|Andy Piedilato, The Antagonist, courtesy of the artist|
The artists of New York no longer bloom in a decayed downtown. Tenth Street and Greenwich Village, Soho, Tribeca, Union Square: the areas that once nurtured artists’ studios now contain the most expensive real estate in the country. It’s a development that owes as much to culture as to policy. Today’s beneficiaries of the financial services industry, the city’s enduring economic engine, harbor a fierce nostalgie de la boue. So wealth has migrated from the pre-war “classic sixes” of the Upper East Side to the lofts and brownstones downtown. And in their pursuit of the down and out, the rich have inadvertently chased the artists from their studios in the heart of town.
Perhaps we should be thankful for the shakeout. Art-world centers are often peripheries. Montmartre and Montparnasse, two modernist neighborhoods at the turn of the last century, were the bookends of Paris, north and south of the city center and connected in 1910 by the Nord-Sud metro line. Today’s New York follows the same model. Artists are again pushed to the outskirts. Rather than being disconnected extremities, the peripheral communities they establish become vital frontiers, each developing its own characteristics.
In addition to offering studio and living space, many of these neighborhoods boast new galleries. Often artist-run, these galleries are becoming as important as the blue chips of Manhattan. They are also far more welcoming. You don’t need a passport to get to them, even if the locations may sound exotic and the subway stations unknown. Since many of these galleries maintain weekend-only hours, a Sunday afternoon outer-borough gallery crawl is fast emerging as a tradition on par with the Thursday-evening openings in Chelsea.
Founded in 2007, the gallery English Kills is already the old timer of Bushwick—currently the most rewarding artist center in Brooklyn—with an A-list lineup of talent. The director Chris Harding has described the gallery as his antidote to working for a year at Mary Boone. Still the space exudes its own sense of ambition. The largest gallery in the neighborhood, English Kills often shows expansive art—fast, messy paintings and installations with jock swagger. The frat-house quality of the place (which can seem like a cave) is sometimes reinforced by the odd hipster loafing on the disposable beach chair outside. You might also spot a parade of initiates, beer in hand, regularly emerging through a curtain separating the exhibition space from the private rooms in the back. Yet fear not—this gallery still gets the Good Gallerygoing Seal of Approval; I’ve even changed my baby’s diaper in the back room.

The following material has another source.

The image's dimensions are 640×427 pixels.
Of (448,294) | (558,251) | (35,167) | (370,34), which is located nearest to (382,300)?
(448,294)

Andy Piedilato, the artist now on view at English Kills, is one reason to pay attention to this gallery. With canvases over nine-foot square, Piedilato has been refining his use of hatch marks to denote bathroom-tile surfaces undulating in space. With the grout lines first laid down in masking tape, Piedilato has been able to focus the rough expressive energy of his paint handling to create a mash-up of neo-expressionism and Op Art. In some paintings, like Hummingbird and Iceboat, the spectral iconography of sinking ships and surfacing submarines plays off the weight of the bricked-up surfaces. In others, such as the more abstract Nut Rolling Through Hills, Red Roll, The Antagonist, and Maze, Piedilato tells his stories almost exclusively through volume and pattern. In all of them, the tactile surfaces feel like the tiles of a cold shower in a strange dream. These paintings are wet and chilly in a way you can’t easily shake off.

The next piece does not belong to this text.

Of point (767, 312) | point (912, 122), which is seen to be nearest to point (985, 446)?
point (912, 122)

Storefront may be a gallery just around the corner from English Kills, yet the style of the two spaces could not be more different. I have covered Storefront, which Jason Andrew and Deborah Brown opened a year ago, on a few occasions in this space. I wish I could have written about every one of their three-week shows. Andrew and Brown have an interest in jewel-like work that plays off the small scale of their gallery as well as a local taste for the intimate and ad hoc. Austin Thomas’s solo show of bits of printed words and delicate paper collages of origami folds, which ran at Storefront in September and October, was the summa of this aesthetic.
The collage and assemblage artist Andrew Hurst is an English Kills regular, yet most recently his work went on display at Storefront. Hurst is an expansive Bushwick artist who often creates performance pieces and writes his own poetry and music. The change in venue to tiny Storefront allowed us to observe his energy by focusing on his smaller work.
Is collage the creepiest of art forms? There might be a reason why criminals write their ransom notes from cut-up magazines. The repurposing of found objects and printed materials has an quasi-occult quality. Andrew Hurst follows in this tradition. Yet unlike his darker influences of Kurt Schwitters or Ray Johnson, Hurst practices only white magic. For him the power of collage and assemblage (which brings collage out to the third dimension) offers a compelling way to unlock materials. Hurst then reuses his found objects to depict a personal mythology. He starts with one or two pieces—often the lowliest castoffs pulled from the streets of Bushwick (a flattened shoe; the gears of a watch). By slowly adding more material, drawn through poetic associations—with paint and the textures of other found pieces thrown in the mix—he gives these cast-aways new life. Peel Sessions starts with a shredded tire and becomes a black hole filled with plastic gears and other personal ephemera. The work reminds me of the sculptures of Lee Bontecou, here turned into a meditation on speed and the mechanics of movement. Hurst also creates icons to his heroes—a gold-speckled championship panel to Muhammad Ali in The Greatest, and a diptych memorializing Max Ernst and Hurst’s pet tarantula in Homage to Max and Becky. Unlike many collage artists who revel in the superficial jokes of pop juxtapositions, Hurst goes for more profound impact, with detailed work that rewards close viewing.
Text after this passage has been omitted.